Microsoft, long held as a company that had fallen behind on the innovation curve has been quietly but steadily sharpening its tools to compete in the decentralized economy. It’s partnership with JP Morgan’s blockchain platform, Quorum, promises to take on the enterprise world in a big way. Quorum boasts a list of 220 banks that have signed up on their Interbank Information Network (IIN) and the companies have spent enormous time and resources in catering to their need for security and regulatory compliance. Close on the heels of Microsoft is Facebook, with its announced intentions of creating a stablecoin to facilitate mobile payments.
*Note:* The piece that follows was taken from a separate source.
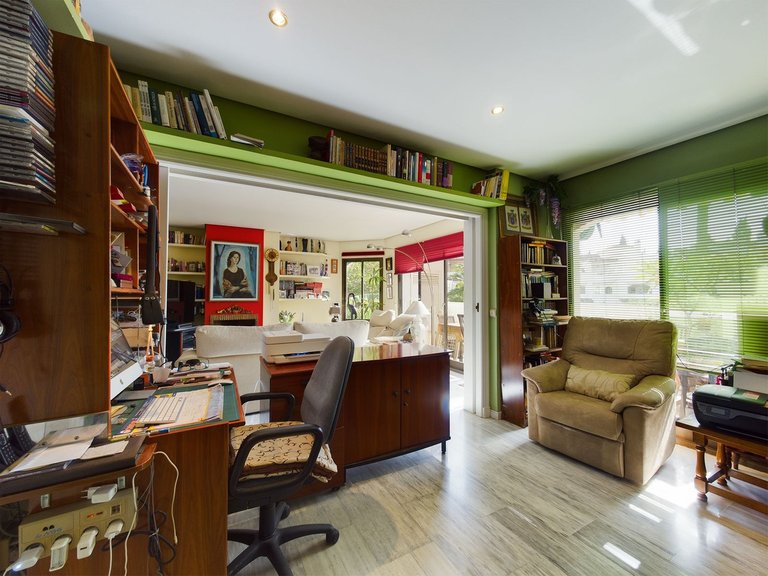 Apartment for  in Elviria, Malaga 8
At Proteum, we believe that the combination of blockchain technology with advances in mobile communications will usher new unbounded opportunities for enterprises and entrepreneurs alike. As 5G technology rolls out bandwidth is no longer a limitation. Mobile devices will be permanently and simultaneously connected to various affinity networks. In such an environment, where real time operations are critical, blockchain technology will be increasingly looked upon as an enabler for secure, transparent and trusted interactions amongst the network participants.

Telecom incumbents perhaps have the most to gain from this shift as they sit at a unique intersection of technology infrastructure, consumer information and payment systems. With such a diverse stack, operational efficiency is a challenge. Blockchain technology enables a simplification of services, where the network operator finds new business models: a cross-country secure identification system, a payment gateway for digital asset transaction, derivative applications for IoT and industrial systems to create collaborative ecosystems etc.
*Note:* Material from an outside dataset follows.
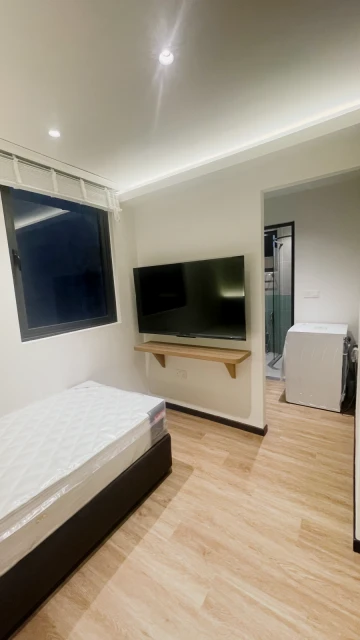 752 Bloom Apartment 4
With a proliferation of various blockchain platforms, there is already a need being felt for interoperability. Blockchain platforms such as Cosmos provide exactly the framework to build commercial applications on. With backing by Binance, the largest crypto exchange, Cosmos launched its native token ATOM to work towards interoperabilty and scalability — two big challenges for blockchain systems. With their vast infrastructure and roaming contracts, telecom operators are interoperable globally and they can play from a position of strength, creating their own open financial system. .
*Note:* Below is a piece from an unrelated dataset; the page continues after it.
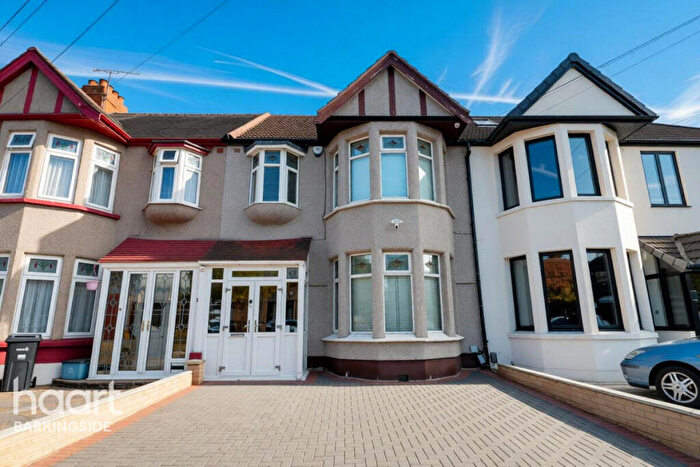 3 Bedroom Terraced House For Sale In Beechwood Gardens, Clayhall, IG5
Out of all these building blocks, [you’ll be able to compose] an entire … open system of finance that operates to scale and can be composed of individual, specialized chains that do different things.

— Zaki Manian, Tendermint, commercial arm of Cosmos

The above is but a flavor (not an exhaustive commentary) of the activities steering enterprise applications that are being reimagined or supercharged with blockchain technology. We are moving into a phase of slow but steady adoption that will only accelerate as traditional business models give way to transactional ones that create value for the ecosystem stakeholders.

Originally published at https://proteum.substack.com.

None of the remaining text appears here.